Yes, in Your Backyard: Forced Technological Adoption and Spatial Externalities. I study a phenomenon of hastened technology adoption facilitated by a negative spatial externality. GMO seeds have been engineered to withstand the application of particular weedkillers: farmers can use them in-crop, killing the weeds, leaving the crop unscathed.  I show that the adoption of such seeds generates negative externalities on downwind neighbors, increasing the probability of the adoption of the same seed by 29% as well as a conversion of cropland to different crops able to withstand the weedkiller.  Overall yields remained unchanged as the benefits of the weedkiller on yields are offset by the negative effects of crop failures for neighbors. Consequences of such rapid adoption include possible monopolization on the seed market. [TSE working paper]

Payment for Ecosystem Services and the Preservation of Forest Cover in Ecuador. Policies for habitat preservation are increasingly favoring contractual schemes whereby conservation actions undertaken by private individuals are voluntary but incentivized by payments. This is where their appeal lies, as opposed schemes relying on restriction of use or exclusion. It is also their weakness, but whether that's a fatal one is still an open debate. The present study analyzes such a scheme in Ecuador, and shows that not only enrolment was biased towards marginal land that was at a lower risk of deforestation anyway, but also that compliance fell short. As a result, deforestation dynamics were not altered by the program. This implies that targeting and enforcement should be a priority when considering designing a payment for ecosystem service scheme. 

What drives migratory pressure at the southern EU borders? In the wake of the "migration crisis" of 2015 in the Mediterranean region, environmental factors (e.g. droughts) have re-emerged as a possible major driver of emigration.  Systematically proving and quantifying their implication, however, has remained arduous, mostly for want of quality data on international migration with a global coverage of origin countries.  Here I propose the use of a novel data set for the study of migration drivers that hasn't, to my knowledge, been used for that purpose. They are correlated with another measure of distress-driven migration, applications for asylum (into the European Union), and respond in the expected direction to known drivers of migration (e.g. income at origin). Finally, weather shocks seem to influence this measure of distress-driven, but the picture is somewhat less clear here, likely due to the shortness of the panel of weather and migration data at hand. [CEEP working paper]

Work in progress

Agricultural landscape complexity and pest pressure: A Less Simplistic Approach to Landscape Complexity. With Eyal G. Frank.

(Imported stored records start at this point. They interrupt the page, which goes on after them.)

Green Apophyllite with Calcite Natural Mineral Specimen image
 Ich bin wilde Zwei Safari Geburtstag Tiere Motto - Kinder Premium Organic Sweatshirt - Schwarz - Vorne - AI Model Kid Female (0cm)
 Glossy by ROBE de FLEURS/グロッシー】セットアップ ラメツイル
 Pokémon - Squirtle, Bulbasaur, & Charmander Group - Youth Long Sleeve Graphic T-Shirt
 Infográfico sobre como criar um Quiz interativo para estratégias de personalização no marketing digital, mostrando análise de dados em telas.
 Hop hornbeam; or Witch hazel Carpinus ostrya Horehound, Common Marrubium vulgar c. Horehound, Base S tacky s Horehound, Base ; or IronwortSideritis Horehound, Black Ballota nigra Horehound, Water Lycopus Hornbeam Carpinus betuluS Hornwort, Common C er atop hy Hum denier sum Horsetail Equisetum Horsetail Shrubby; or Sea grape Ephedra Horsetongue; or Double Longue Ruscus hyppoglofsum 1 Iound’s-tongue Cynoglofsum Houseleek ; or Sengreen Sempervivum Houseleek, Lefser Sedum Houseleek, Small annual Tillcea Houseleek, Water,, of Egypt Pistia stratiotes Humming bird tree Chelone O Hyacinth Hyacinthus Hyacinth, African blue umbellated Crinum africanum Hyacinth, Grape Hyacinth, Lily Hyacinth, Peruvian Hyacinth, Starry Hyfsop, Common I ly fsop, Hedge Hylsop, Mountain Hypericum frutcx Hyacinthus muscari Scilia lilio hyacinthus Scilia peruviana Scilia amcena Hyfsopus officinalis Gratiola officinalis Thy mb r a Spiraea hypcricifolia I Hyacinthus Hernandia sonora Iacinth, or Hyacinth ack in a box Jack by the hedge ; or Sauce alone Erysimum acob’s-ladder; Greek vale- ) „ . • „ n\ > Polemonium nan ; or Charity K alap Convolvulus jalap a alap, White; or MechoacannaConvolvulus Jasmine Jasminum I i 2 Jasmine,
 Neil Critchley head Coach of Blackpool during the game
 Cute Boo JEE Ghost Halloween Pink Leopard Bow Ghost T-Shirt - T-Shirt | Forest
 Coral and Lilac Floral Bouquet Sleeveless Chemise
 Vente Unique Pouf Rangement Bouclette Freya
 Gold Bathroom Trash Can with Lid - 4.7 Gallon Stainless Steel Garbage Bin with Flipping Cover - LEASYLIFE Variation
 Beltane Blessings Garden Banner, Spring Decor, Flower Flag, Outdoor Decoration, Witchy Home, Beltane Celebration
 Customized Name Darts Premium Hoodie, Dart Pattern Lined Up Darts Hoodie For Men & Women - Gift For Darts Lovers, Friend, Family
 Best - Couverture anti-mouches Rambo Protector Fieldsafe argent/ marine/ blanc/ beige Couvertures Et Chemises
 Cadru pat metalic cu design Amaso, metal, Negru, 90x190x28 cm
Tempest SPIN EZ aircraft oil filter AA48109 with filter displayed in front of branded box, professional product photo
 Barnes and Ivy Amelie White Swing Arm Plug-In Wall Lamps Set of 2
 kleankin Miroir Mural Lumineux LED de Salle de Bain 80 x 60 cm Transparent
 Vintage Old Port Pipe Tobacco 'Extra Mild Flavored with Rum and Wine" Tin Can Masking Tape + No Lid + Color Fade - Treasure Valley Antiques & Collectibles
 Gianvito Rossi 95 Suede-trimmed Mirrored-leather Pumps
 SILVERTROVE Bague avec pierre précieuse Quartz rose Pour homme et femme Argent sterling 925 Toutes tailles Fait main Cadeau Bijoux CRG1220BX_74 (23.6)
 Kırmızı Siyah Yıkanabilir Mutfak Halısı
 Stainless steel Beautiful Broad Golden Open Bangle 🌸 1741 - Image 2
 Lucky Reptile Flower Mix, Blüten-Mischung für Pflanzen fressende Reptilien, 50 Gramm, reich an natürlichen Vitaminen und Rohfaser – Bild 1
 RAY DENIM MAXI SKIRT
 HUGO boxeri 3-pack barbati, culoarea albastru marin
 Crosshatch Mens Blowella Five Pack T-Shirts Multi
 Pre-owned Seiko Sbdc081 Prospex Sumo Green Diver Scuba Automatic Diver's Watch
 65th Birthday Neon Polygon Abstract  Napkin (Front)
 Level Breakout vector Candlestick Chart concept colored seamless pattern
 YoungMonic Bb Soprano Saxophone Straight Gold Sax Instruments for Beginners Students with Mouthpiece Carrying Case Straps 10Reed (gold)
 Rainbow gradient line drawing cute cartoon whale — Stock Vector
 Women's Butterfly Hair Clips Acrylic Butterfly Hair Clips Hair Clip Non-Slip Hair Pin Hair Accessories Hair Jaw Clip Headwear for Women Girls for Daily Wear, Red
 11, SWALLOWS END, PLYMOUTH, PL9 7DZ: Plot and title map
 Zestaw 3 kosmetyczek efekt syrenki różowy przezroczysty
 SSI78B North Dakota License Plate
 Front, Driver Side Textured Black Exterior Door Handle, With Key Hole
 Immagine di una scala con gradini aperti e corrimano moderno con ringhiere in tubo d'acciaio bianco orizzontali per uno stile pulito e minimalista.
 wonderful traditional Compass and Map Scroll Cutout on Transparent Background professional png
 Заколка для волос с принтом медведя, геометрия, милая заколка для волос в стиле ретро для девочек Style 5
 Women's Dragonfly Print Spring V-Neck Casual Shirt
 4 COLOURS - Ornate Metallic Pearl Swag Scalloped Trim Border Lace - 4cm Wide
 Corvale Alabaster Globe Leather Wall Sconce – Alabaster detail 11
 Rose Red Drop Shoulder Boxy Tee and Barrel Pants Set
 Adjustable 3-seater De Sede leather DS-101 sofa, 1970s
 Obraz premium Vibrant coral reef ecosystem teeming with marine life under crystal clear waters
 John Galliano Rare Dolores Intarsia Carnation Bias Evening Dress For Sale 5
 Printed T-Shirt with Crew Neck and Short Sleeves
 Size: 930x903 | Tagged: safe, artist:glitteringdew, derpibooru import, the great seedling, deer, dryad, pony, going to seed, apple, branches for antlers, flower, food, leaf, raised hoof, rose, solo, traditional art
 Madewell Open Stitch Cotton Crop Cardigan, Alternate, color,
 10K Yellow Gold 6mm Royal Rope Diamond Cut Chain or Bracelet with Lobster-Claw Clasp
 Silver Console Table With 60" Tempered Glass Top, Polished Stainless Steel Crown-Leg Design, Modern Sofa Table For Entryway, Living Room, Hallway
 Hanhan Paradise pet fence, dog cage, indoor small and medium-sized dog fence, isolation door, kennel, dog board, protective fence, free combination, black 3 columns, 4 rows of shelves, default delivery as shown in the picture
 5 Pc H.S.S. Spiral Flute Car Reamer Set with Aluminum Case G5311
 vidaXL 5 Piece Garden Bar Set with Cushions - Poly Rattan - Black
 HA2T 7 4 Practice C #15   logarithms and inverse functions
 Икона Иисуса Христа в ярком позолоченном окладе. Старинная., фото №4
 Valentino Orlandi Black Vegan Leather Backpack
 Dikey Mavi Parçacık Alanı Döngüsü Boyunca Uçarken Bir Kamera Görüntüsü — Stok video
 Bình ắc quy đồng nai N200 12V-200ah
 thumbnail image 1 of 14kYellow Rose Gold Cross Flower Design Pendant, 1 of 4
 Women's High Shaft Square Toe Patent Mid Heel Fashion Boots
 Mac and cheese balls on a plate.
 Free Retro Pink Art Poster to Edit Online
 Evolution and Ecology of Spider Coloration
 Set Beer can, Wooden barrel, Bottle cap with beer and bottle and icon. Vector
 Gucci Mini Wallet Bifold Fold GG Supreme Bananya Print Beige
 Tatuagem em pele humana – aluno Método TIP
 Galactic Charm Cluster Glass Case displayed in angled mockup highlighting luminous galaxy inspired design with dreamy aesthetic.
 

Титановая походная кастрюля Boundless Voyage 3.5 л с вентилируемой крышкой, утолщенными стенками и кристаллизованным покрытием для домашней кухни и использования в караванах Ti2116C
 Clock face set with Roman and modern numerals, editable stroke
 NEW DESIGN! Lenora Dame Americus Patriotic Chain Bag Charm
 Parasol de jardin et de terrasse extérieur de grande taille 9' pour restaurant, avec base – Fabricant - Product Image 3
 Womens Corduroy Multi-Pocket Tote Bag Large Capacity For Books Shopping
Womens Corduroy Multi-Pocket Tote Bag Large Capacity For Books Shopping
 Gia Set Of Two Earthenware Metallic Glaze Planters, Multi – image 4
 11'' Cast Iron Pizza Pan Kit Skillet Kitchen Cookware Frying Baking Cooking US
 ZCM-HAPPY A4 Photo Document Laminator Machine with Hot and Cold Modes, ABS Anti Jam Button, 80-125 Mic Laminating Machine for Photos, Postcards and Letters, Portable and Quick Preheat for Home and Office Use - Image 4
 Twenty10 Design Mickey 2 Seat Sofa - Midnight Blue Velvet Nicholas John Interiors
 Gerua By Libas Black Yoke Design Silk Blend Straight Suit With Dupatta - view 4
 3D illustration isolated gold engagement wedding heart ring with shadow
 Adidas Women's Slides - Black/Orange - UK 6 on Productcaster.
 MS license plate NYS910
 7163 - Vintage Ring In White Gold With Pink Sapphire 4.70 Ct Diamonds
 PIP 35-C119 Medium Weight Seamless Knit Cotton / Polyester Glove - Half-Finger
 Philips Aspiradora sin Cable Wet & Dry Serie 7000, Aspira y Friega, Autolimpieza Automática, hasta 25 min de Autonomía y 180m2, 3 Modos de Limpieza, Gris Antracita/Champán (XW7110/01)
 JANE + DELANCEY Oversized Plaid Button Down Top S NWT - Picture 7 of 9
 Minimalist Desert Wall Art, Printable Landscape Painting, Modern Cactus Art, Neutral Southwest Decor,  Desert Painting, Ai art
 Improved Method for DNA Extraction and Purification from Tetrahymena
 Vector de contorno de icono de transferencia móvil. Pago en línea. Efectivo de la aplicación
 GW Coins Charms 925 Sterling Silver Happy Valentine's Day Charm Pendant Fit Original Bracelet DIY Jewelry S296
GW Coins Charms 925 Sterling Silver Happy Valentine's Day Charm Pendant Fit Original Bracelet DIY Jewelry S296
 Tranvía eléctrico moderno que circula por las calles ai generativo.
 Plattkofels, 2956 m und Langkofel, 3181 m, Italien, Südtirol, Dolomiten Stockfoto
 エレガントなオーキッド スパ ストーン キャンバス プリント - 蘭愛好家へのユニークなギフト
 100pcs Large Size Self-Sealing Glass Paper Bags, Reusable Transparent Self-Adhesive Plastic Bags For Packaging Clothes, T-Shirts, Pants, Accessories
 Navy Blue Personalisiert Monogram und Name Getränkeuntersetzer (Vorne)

Reversing Local Extinctions: The Economic Impacts of Reintroducing Wolves in North America. With Eyal G. Frank, Dominic P. Parker, Jennifer L. Raynor.

Are Forest Conservation Programs a Cost-Effective Way to Fight Climate Change? A Meta-Analysis. With Sylvain Chabé-Ferret, Philippe Delacote, Anca Voia.

The Impact of Organic Farming on Productivity and Biodiversity: Evidence from a Natural Experiment. With Sylvain Chabé-Ferret, Marine Coinon, François Libois, Marta Pinzan, Arnaud Reynaud, Clelia Sirami, David Sheeren, Eva Tène.